Бунин, видимо, вмешался. «Китаец» вскоре был опубликован, деньги выплачены, долги розданы. Но сходные ситуации возникали не раз и не два. За несколько месяцев до инцидента Цветаева прямо на глазах сотрудников той же редакции не смогла удержаться от вдруг хлынувших слез – и только тогда получила в руки собственный гонорар.
Легко представить себе, каково было снова и снова гордой Марине Ивановне переживать унижение, из последних сил укрощая независимый и строптивый прав, чтобы не сорваться и не высказать всего, что накопилось, в лицо своим мучителям. «У меня уже сердце кипит, – писала она в том же письме Буниной, – и боюсь, что кончится пощечиной полной правды – т. е. разрывом».

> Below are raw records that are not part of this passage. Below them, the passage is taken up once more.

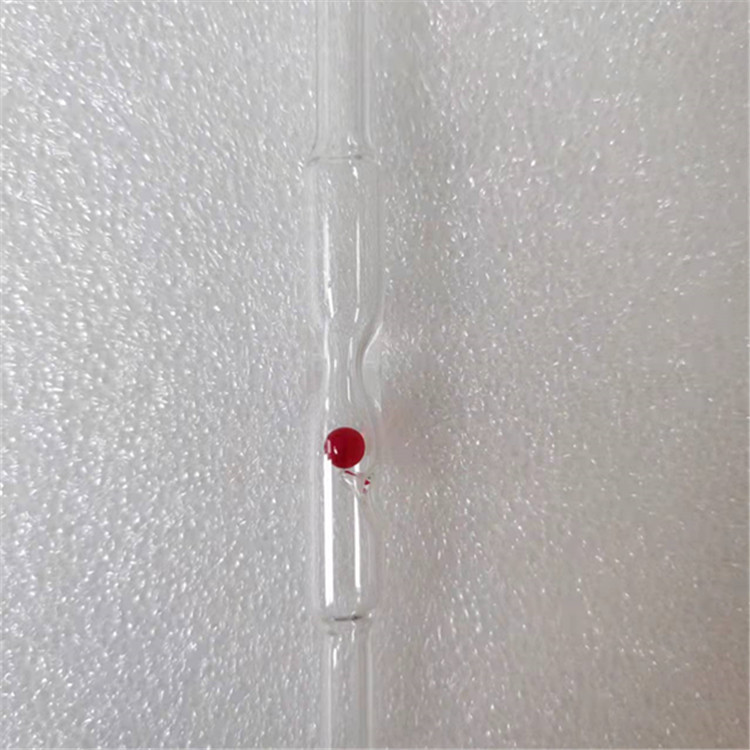红宝石记泡器_副本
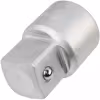 Переходник Garwin 615205-3/4*1, 3/4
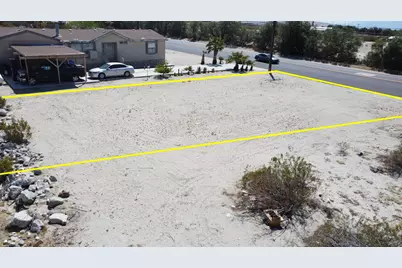 288 Dillon Road, Desert Hot Springs, CA 92240 - Photo 5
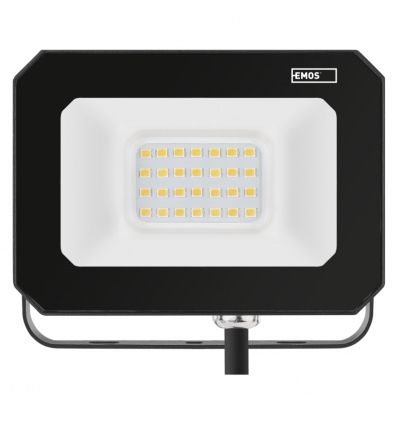 EMOS LED REFLEKTOR SIMPO 20W, 2000Lm, 4000K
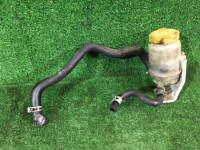 Бачок гур SUBARU FORESTER OEM 34630SA000 SG5 2004 EJ202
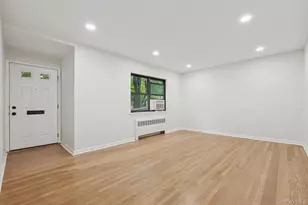 73-24 Springfield Blvd, Oakland Gardens, NY 11364 - Photo 5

Так оно и случилось в начале следующего, 1935 года. Не выдержав четырехмесячного перекладывания с недели на неделю статьи о погибшем поэте Николае Гаронском, превосходно понимая, к чему приведет «пощечина полной правды», Цветаева все-таки написала лаконично резкое письмо Демидову, – и ее отношения с редакцией газеты на этом закончились, уже навсегда. Последней публикацией в «Последних новостях» оказалась проза «Сказка матери», искаженная до неузнаваемости. «Сокращено в сорока местах, – сообщала Цветаева Тесковой 18 февраля 35 года, – из которых – в 25-ти – среди фразы. Просто – изъяты эпитеты, придаточные предложения и т. д. Без спросу. Даже – с запретом, ибо я сократить рукопись – отказалась... И вдруг – без меня. Я, читая, плакала...»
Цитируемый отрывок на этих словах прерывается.